§ **EXERCISE PROMPT**:
Copy out precisely the lines of the material that follows, beginning with the line containing "Photo 6 of Unit" and ending with its last line; exclude pictures.

§ **AVAILABLE DATA**:
════════════════
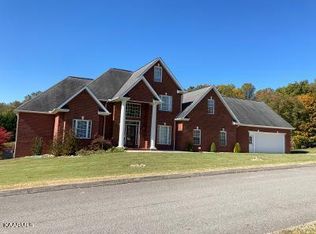 105 Remington Dr, Maynardville, TN 37807
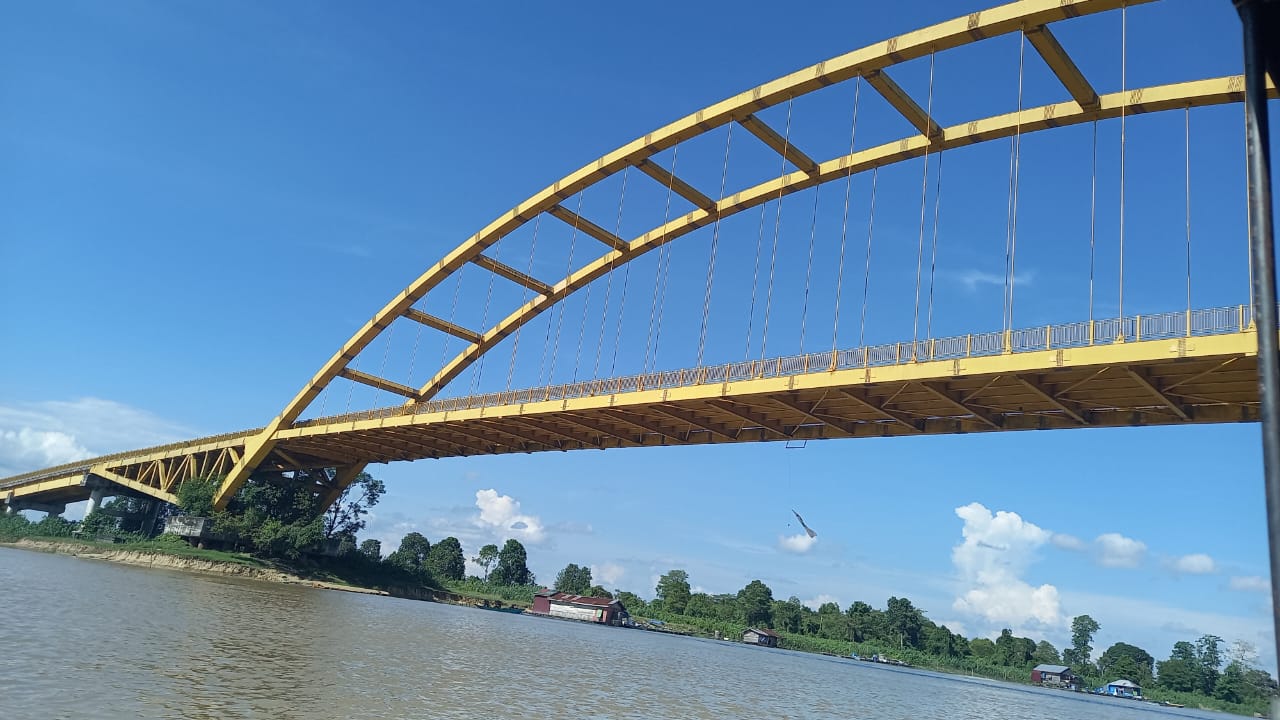 Jembatan yang akan terlihat saat ke Desa Pela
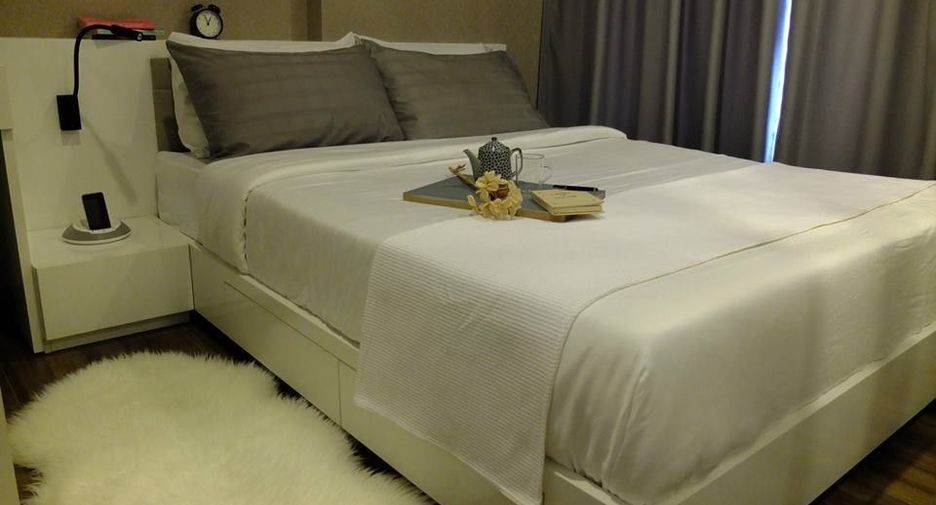 For sale 1 bed condo in Khlong Toei, Bangkok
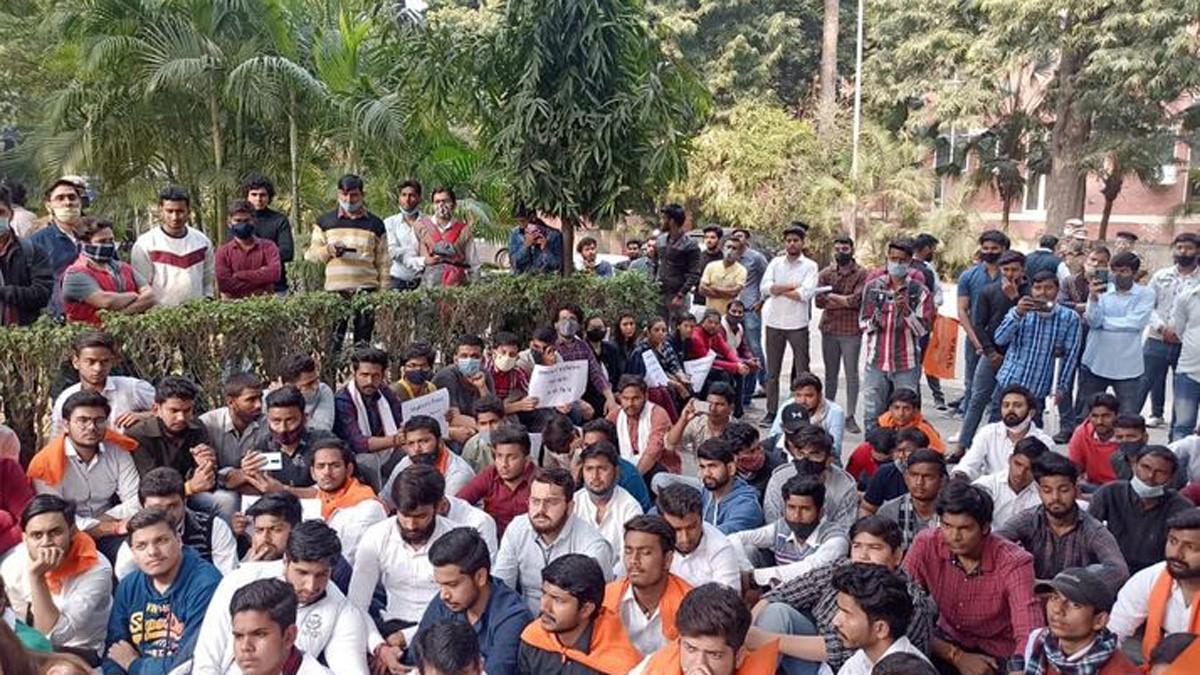 DU: एबीवीपी का प्रदर्शन, 12 घंटे लाइब्रेरी और कैंपस खोलने की मांग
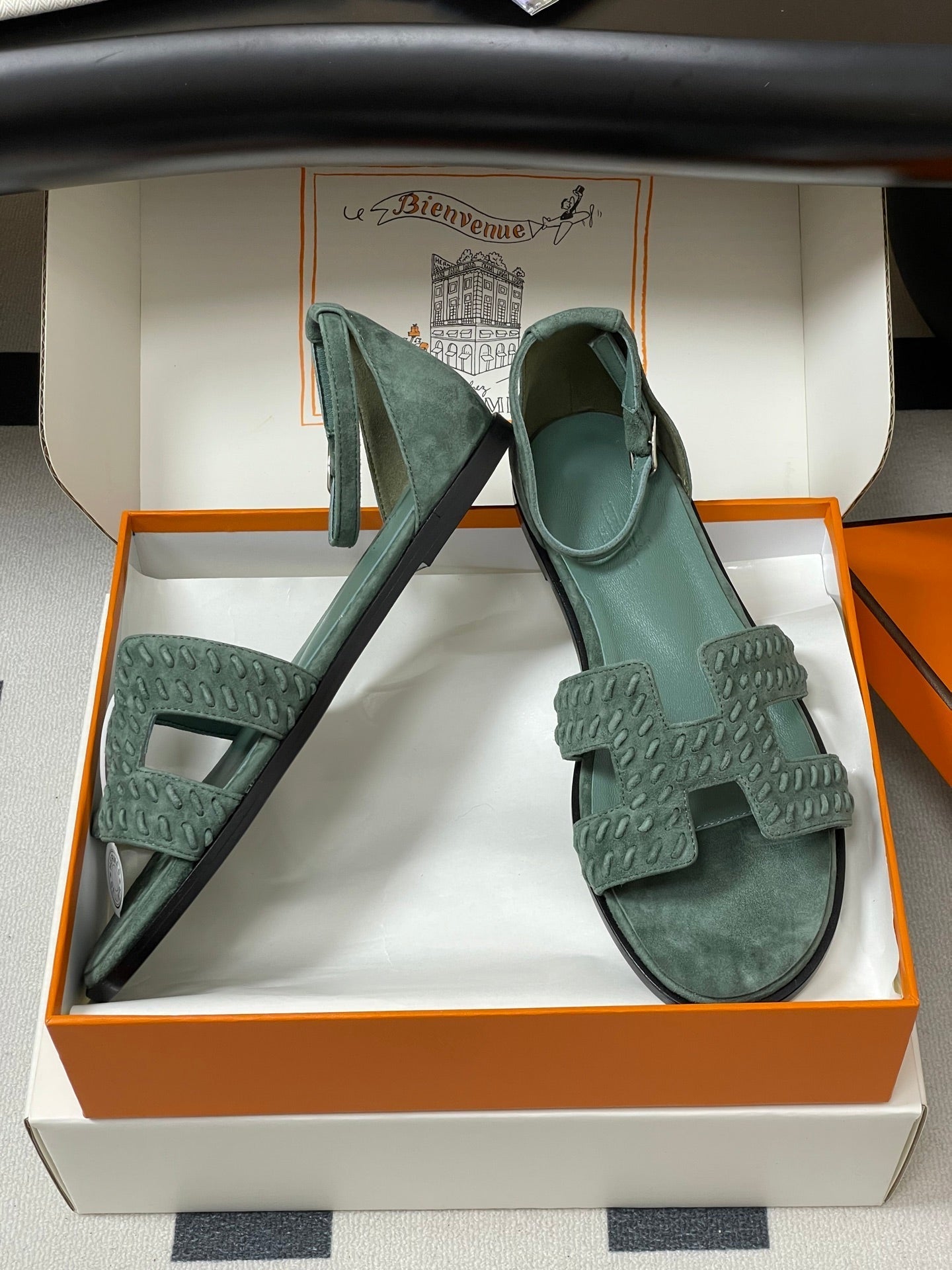 HM 25S SANTORINI SANDAL IN MUTED MINT GREEN SUEDE AND LAMBSKIN - 35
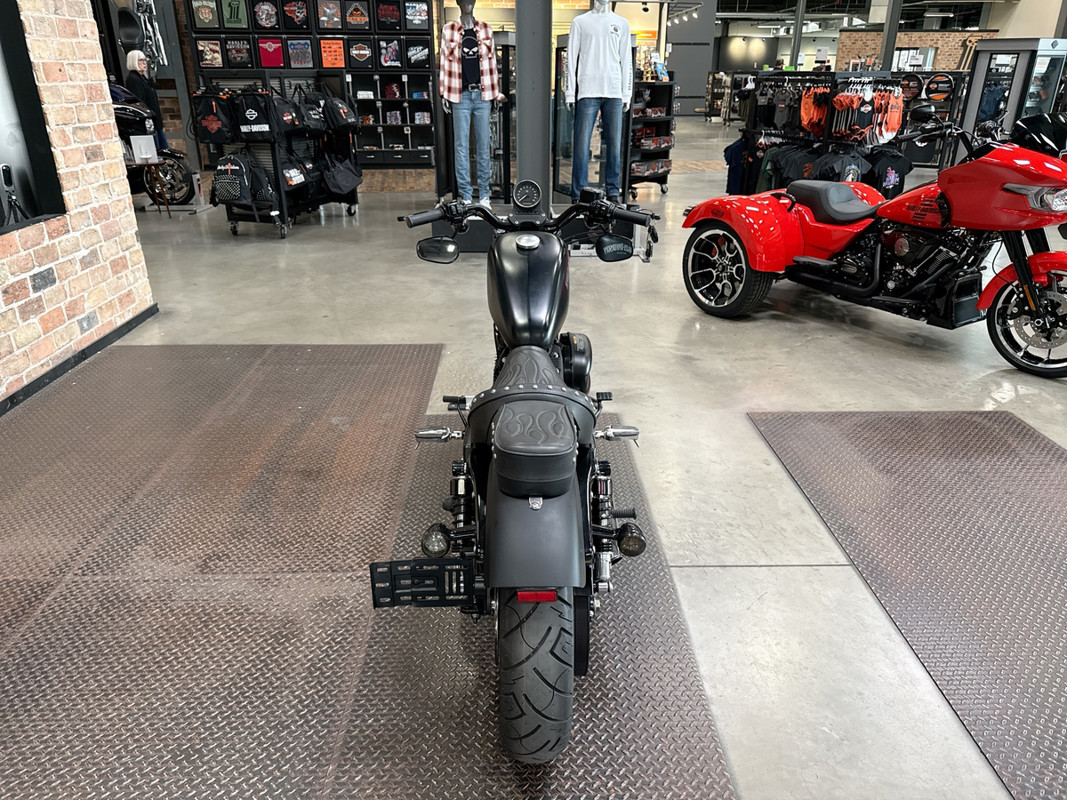 Sportster® Iron 883®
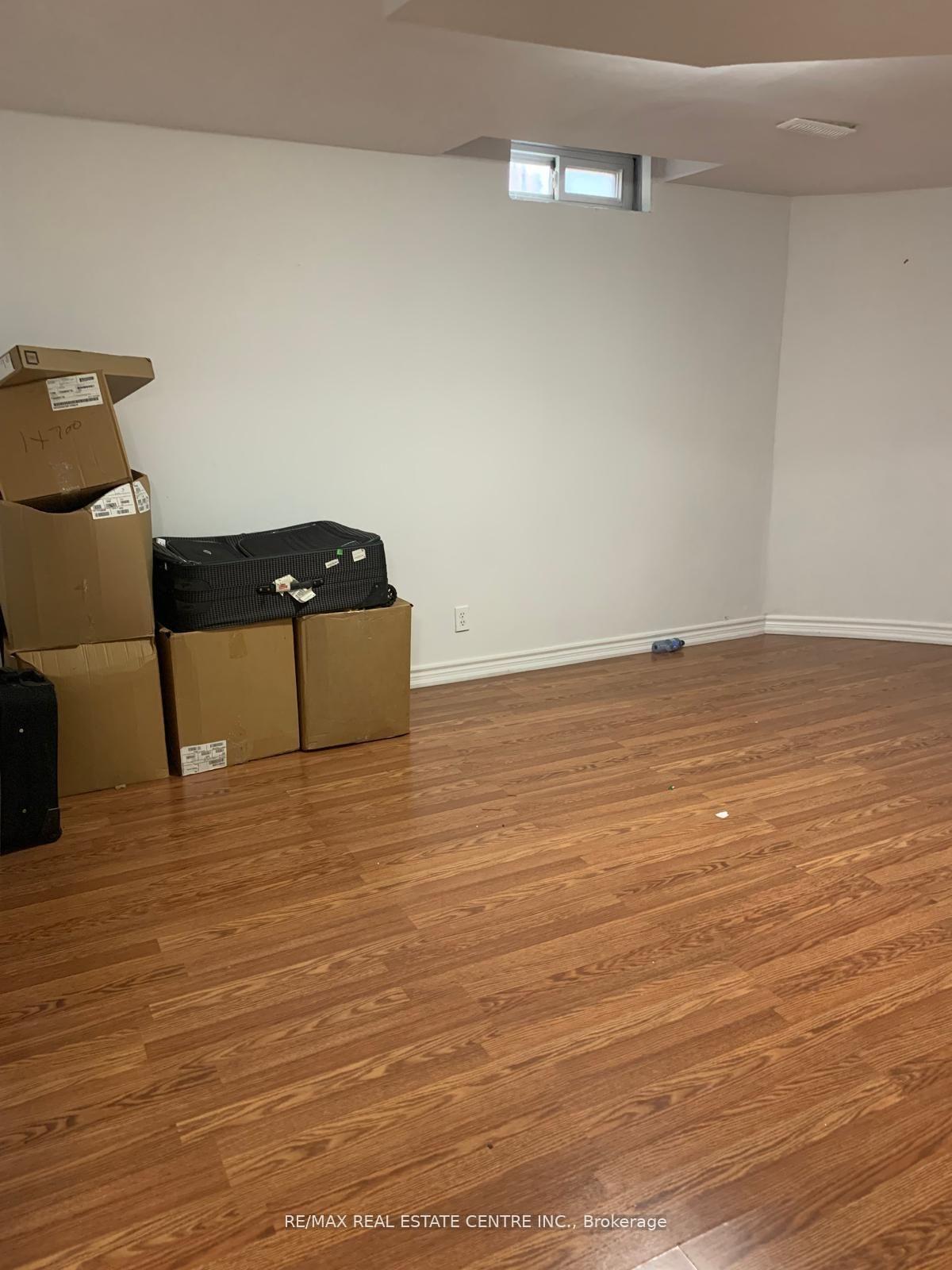 Photo 6 of Unit Bsmt, 10 Shenstone Avenue, Brampton, Heart Lake West — HOMEH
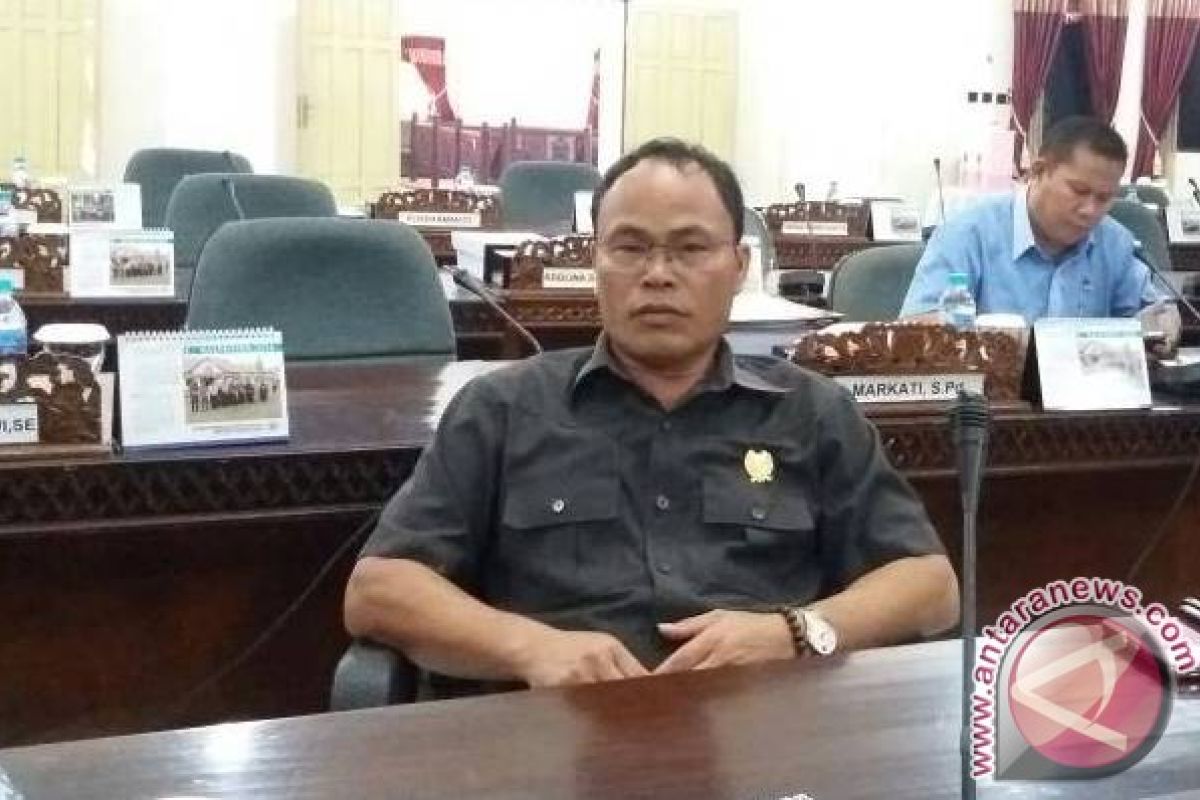 Legislator Bartim Reses Kunjungi Daerah Pemilihannya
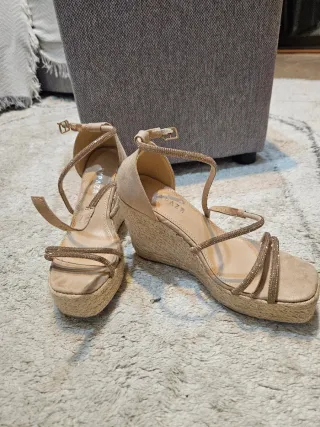Sandalias MARIPAZ Rosa y Doradas Talla 39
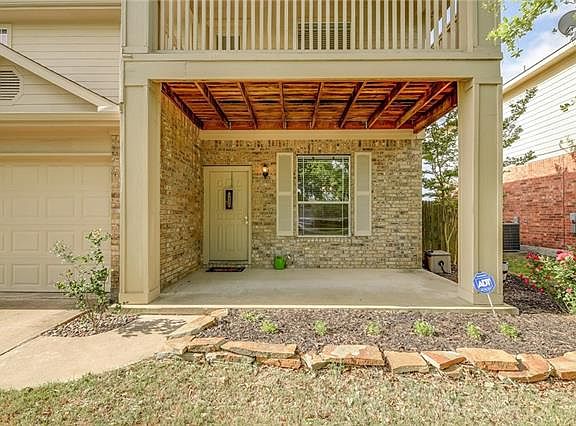 2nd image of 412 Mossy Rock Dr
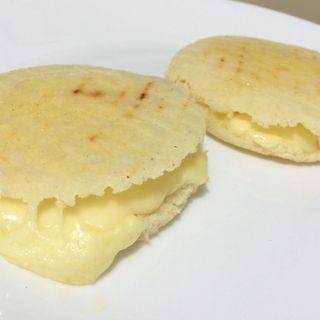 Arepa Con Queso De Mano (1 Ud.)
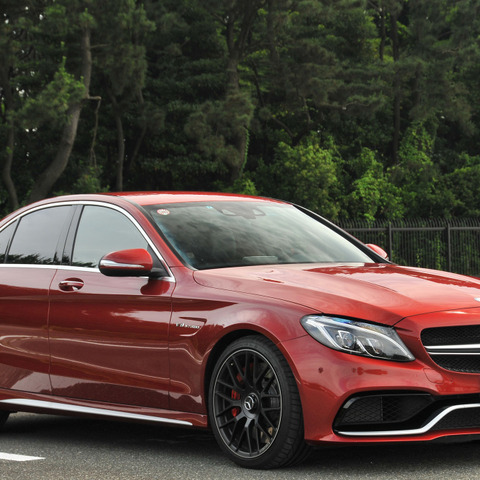 【メルセデス AMG C63S 試乗】エンジン始動の瞬間にわかる高性能さ…諸星陽一 画像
════════════════
§ **EXERCISE SOLUTION**:
 Photo 6 of Unit Bsmt, 10 Shenstone Avenue, Brampton, Heart Lake West — HOMEH
 Legislator Bartim Reses Kunjungi Daerah Pemilihannya
Sandalias MARIPAZ Rosa y Doradas Talla 39
 2nd image of 412 Mossy Rock Dr
 Arepa Con Queso De Mano (1 Ud.)
 【メルセデス AMG C63S 試乗】エンジン始動の瞬間にわかる高性能さ…諸星陽一 画像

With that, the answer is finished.